WHAT THIS TASK INVOLVES:
Your answer must be the lines from the one containing "Las Palmas Apartment Homes - Covina, CA" through the last line below, copied exactly, with no pictures.
** Opening INFORMATION PROVIDED block **
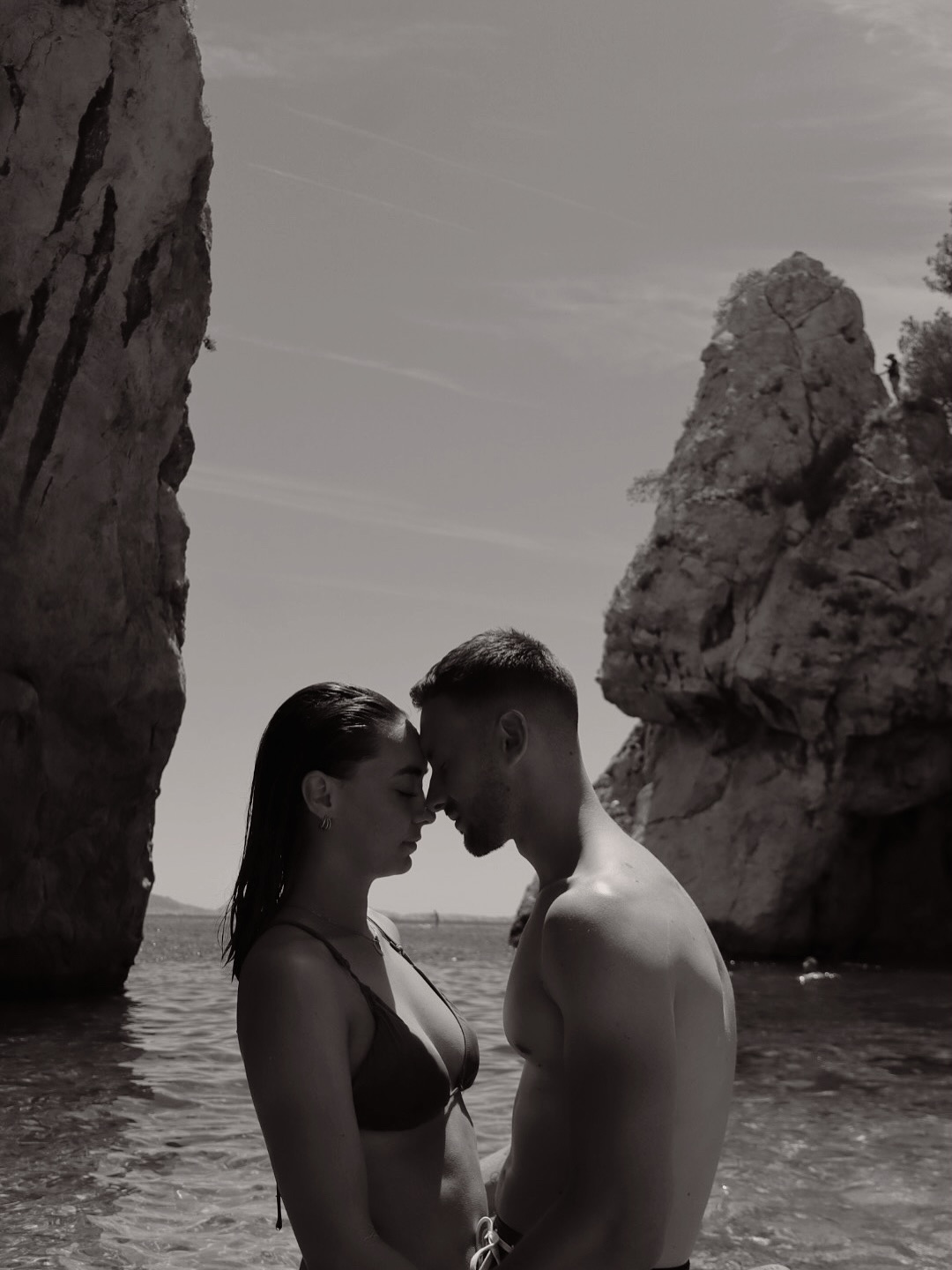 ✨ REPOST ✨
⏳ Le temps passe vite…
Il y a 2 ans, je réalisais mon tout premier shooting couple 📸
Still proud of the result today 🤍
Grateful for this beginning that started my journey as a photographer.
Capturer l’amour, les émotions et les souvenirs, encore et toujours.
Capturing love, emotions and timeless memories
Merci @martin.s_off
#photographe #photographecouple #coupleshoot #shootingcouple
#couplephotographer #lovephotography #photographerlife
#instaphoto #throwback #repost #memories
#photographelifestyle #lovestory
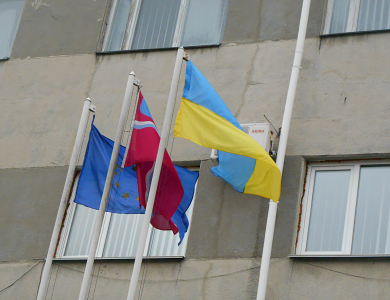 Невідомі зняли прапор ЄС перед Лубенською міськрадою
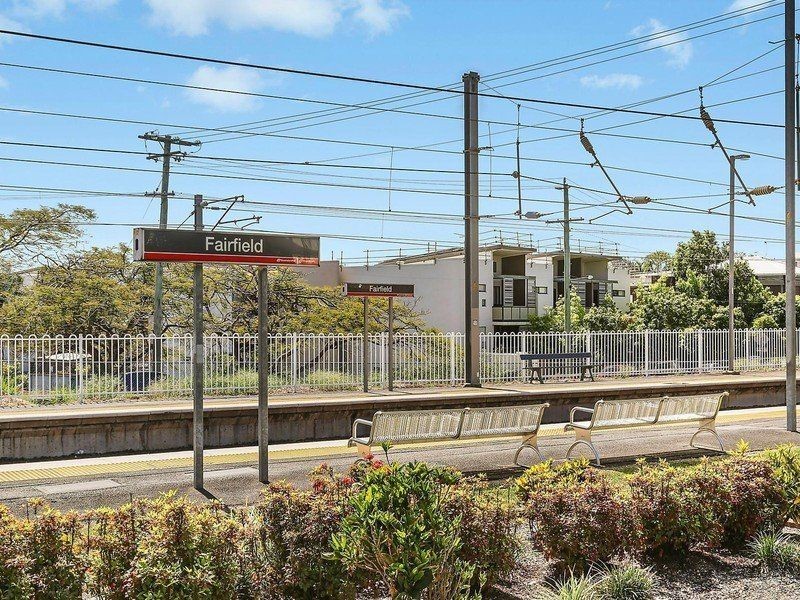 3/16 Broadmere Street, Annerley QLD 4103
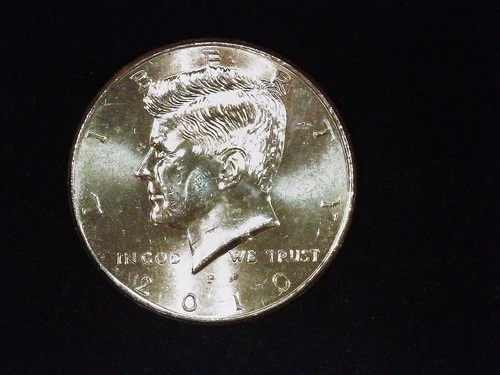 2010-P Kennedy Half Dollar AU++ (1). Free Shipping!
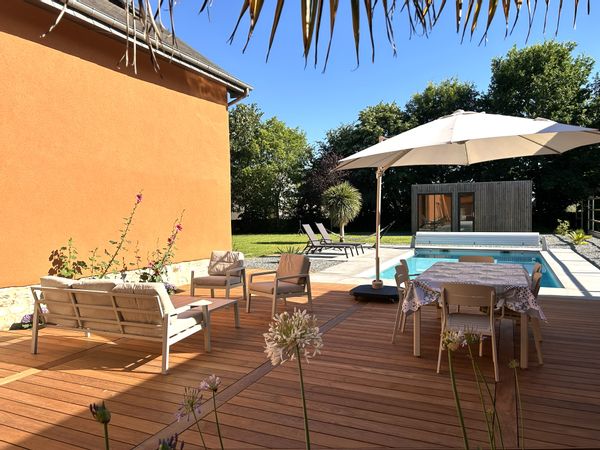 Charmante maison rénovée avec piscine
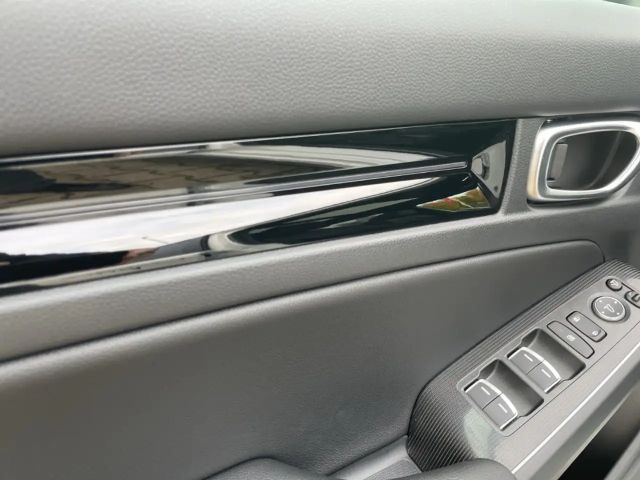 Honda Civic 2.0 Advance e:HEV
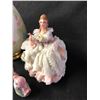 Image 3 : COLLECTIBLE PORCELAIN FIGURES LOT
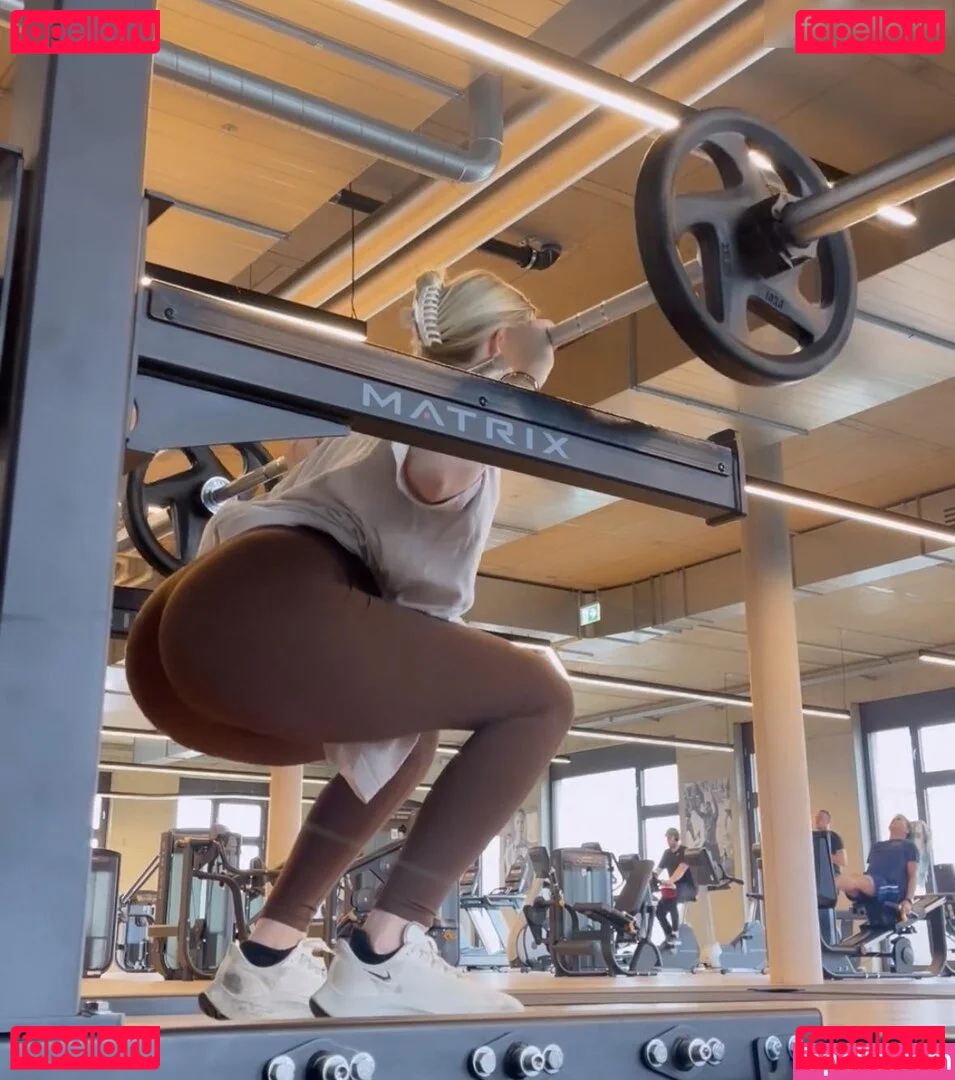 Vallixpauline Onlyfans Photo Gallery 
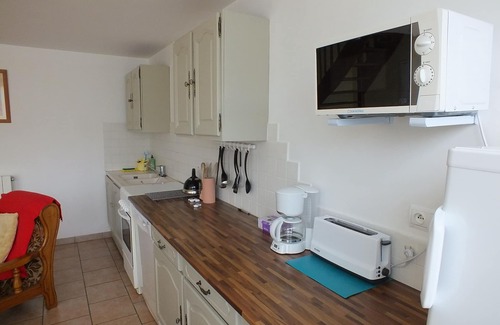 Saint-Justin Cottage | Gite 4 is a 3 bedroom Gite set in a pretty garden with a shared Swimming Pool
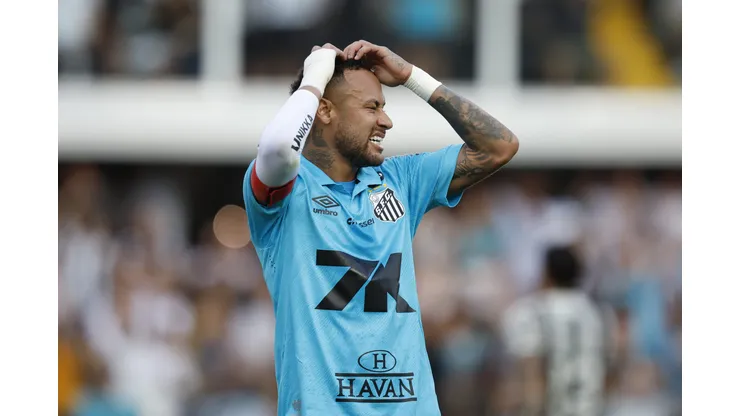 Neymar deve desfalcar o Santos por mais dias
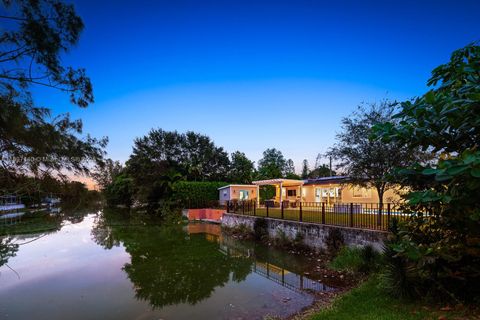 6380 SW 63rd Ave South Miami FL 33143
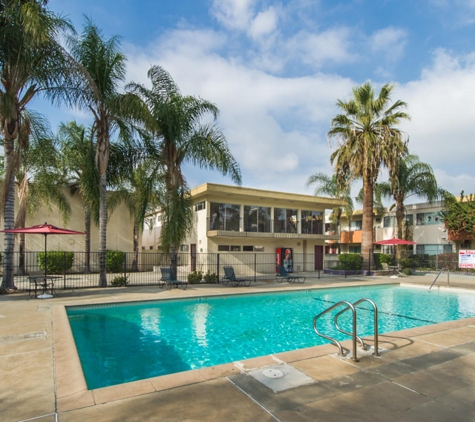 Las Palmas Apartment Homes - Covina, CA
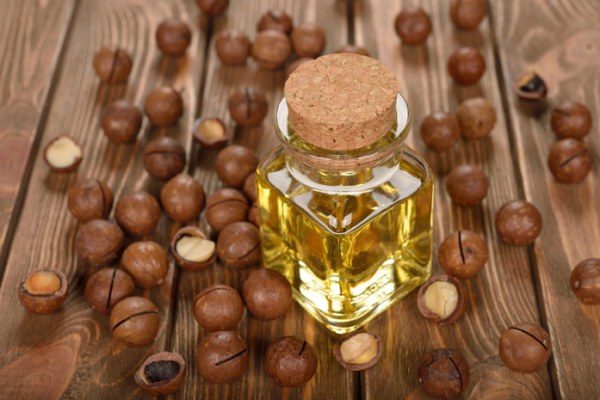  L'huile de macadamia soulage les maux de tête sévères, traite les maladies inflammatoires du système musculo-squelettique - arthrite, arthrose, ostéochondrose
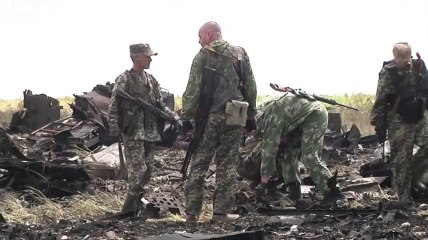 Raw: Military plane shot down in Ukraine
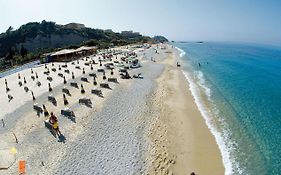 Villaggio Club La Pace Tropea 4*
** Closing INFORMATION PROVIDED block **
ANSWER TO THIS TASK:
 Las Palmas Apartment Homes - Covina, CA
  L'huile de macadamia soulage les maux de tête sévères, traite les maladies inflammatoires du système musculo-squelettique - arthrite, arthrose, ostéochondrose
 Raw: Military plane shot down in Ukraine
 Villaggio Club La Pace Tropea 4*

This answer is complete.